The Constitutional and Statutory Framework Organizing the Office of the United States Attorney

JurisdictionUnited States,Federal
CitationVol. 31 No. 02
Publication year2007

UNIVERSITY OF PUGET SOUND LAW REVIEWVolume 31, No. 2WINTER 2008

PUBLIC POLICY FORUM: U.S. ATTORNEYS: ROLES AND RESPONSIBILITIES INTRODUCTION

The Constitutional and Statutory Framework Organizing the Office of the United States Attorney

Christian M. Halliburton(fn*)

After decades if not centuries of relative stability, the operation and Office of the United States Attorney was thrown into deep political turmoil in 2006. What had long been considered a position defined by its independence, integrity, and commitment to principles of law, was suddenly being subject to largely covert partisan pressures and increasingly aggressive centralized management by the Department of Justice. The American public, and many of the U.S. Attorneys themselves, remained largely unaware of these backstage manipulations until the press announced the mass exodus of nine highly esteemed U.S. Attorneys from around the country, each of whom may have lost their job because of the perceived threat they individually and collectively posed to the Bush Administration's political hegemony and socio-legal agenda.

The termination of these high-performing U.S. Attorneys, together with a number of forced resignations occurring during the same period of time, has provoked substantial criticism and close scrutiny of the people who brought about these terminations and of the reasons for their actions.
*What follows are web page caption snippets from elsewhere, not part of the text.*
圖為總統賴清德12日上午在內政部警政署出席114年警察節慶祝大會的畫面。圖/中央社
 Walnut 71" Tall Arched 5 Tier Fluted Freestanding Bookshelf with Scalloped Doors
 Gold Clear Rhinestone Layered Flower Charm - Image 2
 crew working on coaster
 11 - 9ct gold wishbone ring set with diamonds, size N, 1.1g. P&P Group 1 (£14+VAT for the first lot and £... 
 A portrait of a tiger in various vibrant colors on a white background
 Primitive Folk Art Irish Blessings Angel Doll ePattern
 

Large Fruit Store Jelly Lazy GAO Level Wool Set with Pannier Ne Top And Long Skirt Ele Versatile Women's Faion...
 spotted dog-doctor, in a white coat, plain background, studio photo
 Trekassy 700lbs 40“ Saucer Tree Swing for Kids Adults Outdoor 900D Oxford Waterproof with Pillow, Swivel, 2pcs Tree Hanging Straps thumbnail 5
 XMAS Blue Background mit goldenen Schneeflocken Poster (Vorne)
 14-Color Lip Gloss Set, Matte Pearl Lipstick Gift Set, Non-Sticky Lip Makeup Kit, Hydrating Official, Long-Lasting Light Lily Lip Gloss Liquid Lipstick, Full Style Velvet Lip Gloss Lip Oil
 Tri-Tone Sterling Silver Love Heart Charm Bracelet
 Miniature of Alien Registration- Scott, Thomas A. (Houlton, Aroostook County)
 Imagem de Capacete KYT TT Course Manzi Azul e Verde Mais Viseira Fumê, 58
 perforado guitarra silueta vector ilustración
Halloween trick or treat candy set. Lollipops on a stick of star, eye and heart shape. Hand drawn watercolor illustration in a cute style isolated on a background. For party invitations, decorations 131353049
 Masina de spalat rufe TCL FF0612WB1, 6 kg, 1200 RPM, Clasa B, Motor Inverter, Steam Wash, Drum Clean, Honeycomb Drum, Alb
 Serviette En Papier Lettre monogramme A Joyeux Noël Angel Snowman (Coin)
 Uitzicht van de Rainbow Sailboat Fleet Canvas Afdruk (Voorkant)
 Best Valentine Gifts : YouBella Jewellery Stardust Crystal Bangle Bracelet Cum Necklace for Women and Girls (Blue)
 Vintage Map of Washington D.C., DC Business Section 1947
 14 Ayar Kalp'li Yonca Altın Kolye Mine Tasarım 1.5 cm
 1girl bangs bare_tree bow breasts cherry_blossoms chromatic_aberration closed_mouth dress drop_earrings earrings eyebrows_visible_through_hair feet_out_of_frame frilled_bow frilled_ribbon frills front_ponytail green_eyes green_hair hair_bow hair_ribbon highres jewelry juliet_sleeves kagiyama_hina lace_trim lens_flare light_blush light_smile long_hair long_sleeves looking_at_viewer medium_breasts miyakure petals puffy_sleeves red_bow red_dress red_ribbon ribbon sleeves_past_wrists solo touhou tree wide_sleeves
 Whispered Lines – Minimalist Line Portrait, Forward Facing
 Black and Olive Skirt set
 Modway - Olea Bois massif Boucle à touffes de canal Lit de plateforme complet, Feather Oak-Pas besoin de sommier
Indeed, given the constitutional, statutory, and historical basis of the Office of the United States Attorney, both the policies and practices of the current White House administration and the Department of Justice have been called into serious question, and answers have not been readily forthcoming.

This shameful spectacle (which former Attorney General Alberto Gonzalez flippantly referred to as nothing more than "an overblown personnel matter"(fn1)) played itself out in the national news, and was characterized by ineffectual congressional inquiries, less-than-credible finger-pointing by current and former Administration officials, and the most remarkable loss of communal short term memory since the Iran-Contra debacle. Yet this is not simply an instance of the government circus run amok; it also represents a tremendous challenge to the pursuit of social justice. By ignoring the founding principles of political equality and faithful service of the rule of law, many actors in this political drama have willingly compromised the system of rules and procedures originally adopted to protect against the arbitrary abuse of government power.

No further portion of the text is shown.